(Dataset entries)
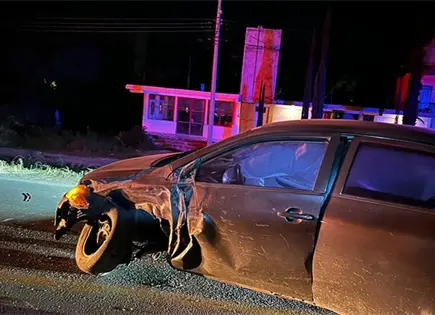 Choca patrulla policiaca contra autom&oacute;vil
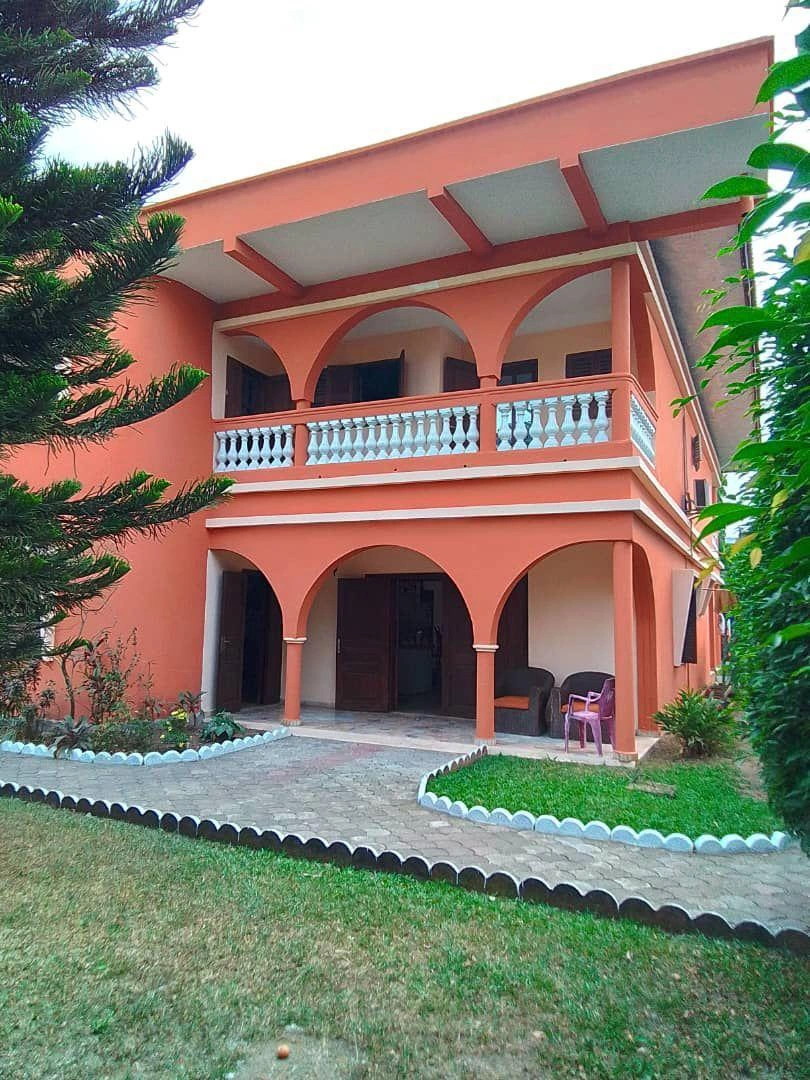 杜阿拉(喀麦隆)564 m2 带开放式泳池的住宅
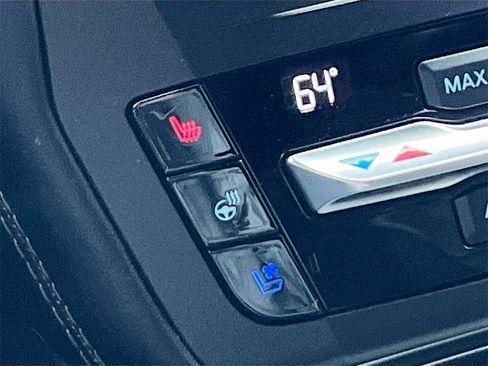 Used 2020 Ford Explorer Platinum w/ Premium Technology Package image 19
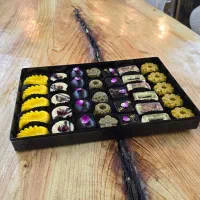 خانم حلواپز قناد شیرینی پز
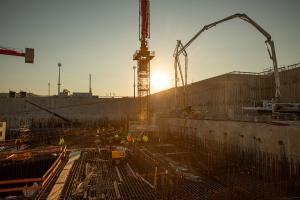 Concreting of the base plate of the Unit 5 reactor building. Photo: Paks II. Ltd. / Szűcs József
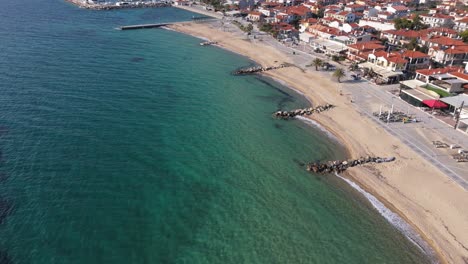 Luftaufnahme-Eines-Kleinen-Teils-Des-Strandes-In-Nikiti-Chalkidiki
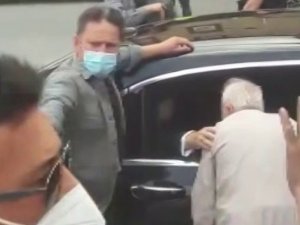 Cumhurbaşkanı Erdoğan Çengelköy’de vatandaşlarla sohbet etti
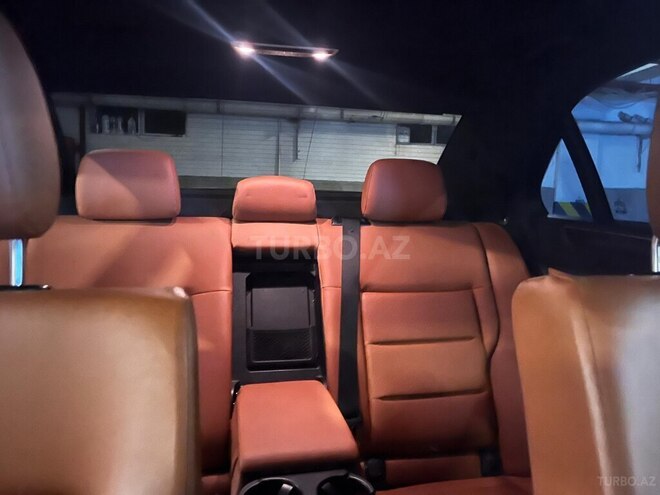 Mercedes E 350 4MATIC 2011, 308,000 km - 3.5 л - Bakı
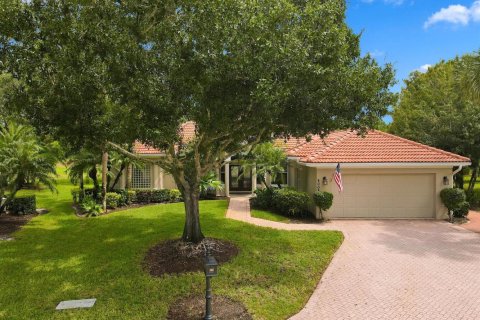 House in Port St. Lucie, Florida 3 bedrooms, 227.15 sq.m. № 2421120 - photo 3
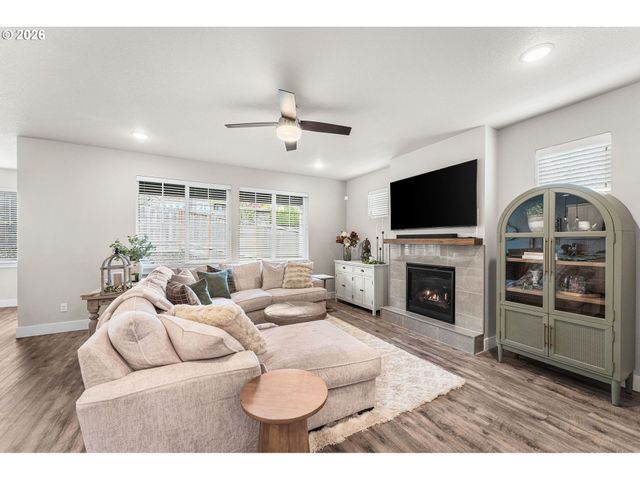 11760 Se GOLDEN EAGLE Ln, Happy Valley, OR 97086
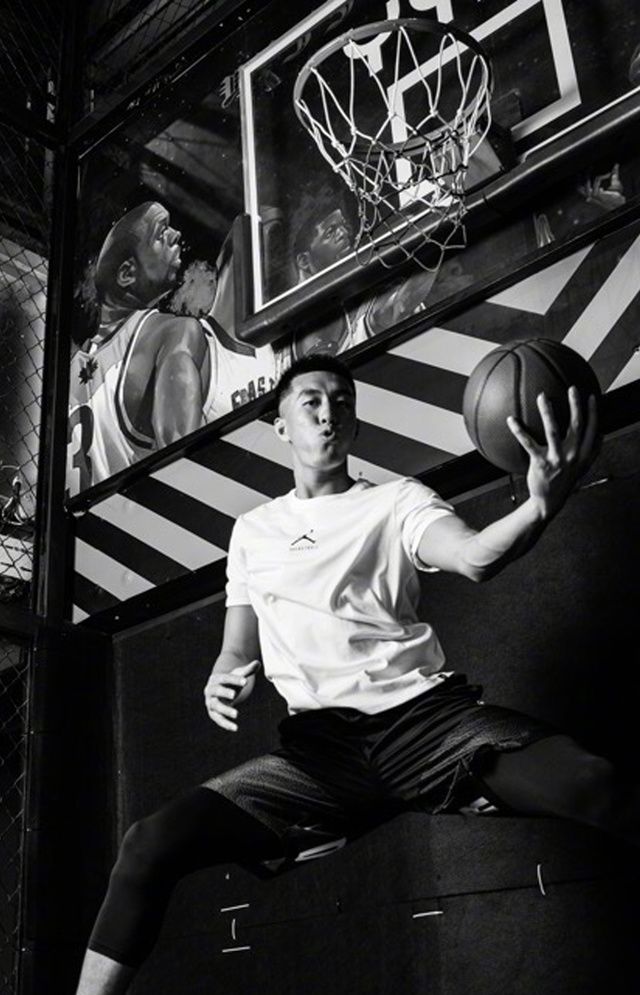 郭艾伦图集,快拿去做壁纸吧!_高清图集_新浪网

• _Task to carry out_: Output the line that contains "Mercedes E 350" and every subsequent line through the end of the entries, exactly as given, without pictures.

• _Finished task_:
 Mercedes E 350 4MATIC 2011, 308,000 km - 3.5 л - Bakı
 House in Port St. Lucie, Florida 3 bedrooms, 227.15 sq.m. № 2421120 - photo 3
 11760 Se GOLDEN EAGLE Ln, Happy Valley, OR 97086
 郭艾伦图集,快拿去做壁纸吧!_高清图集_新浪网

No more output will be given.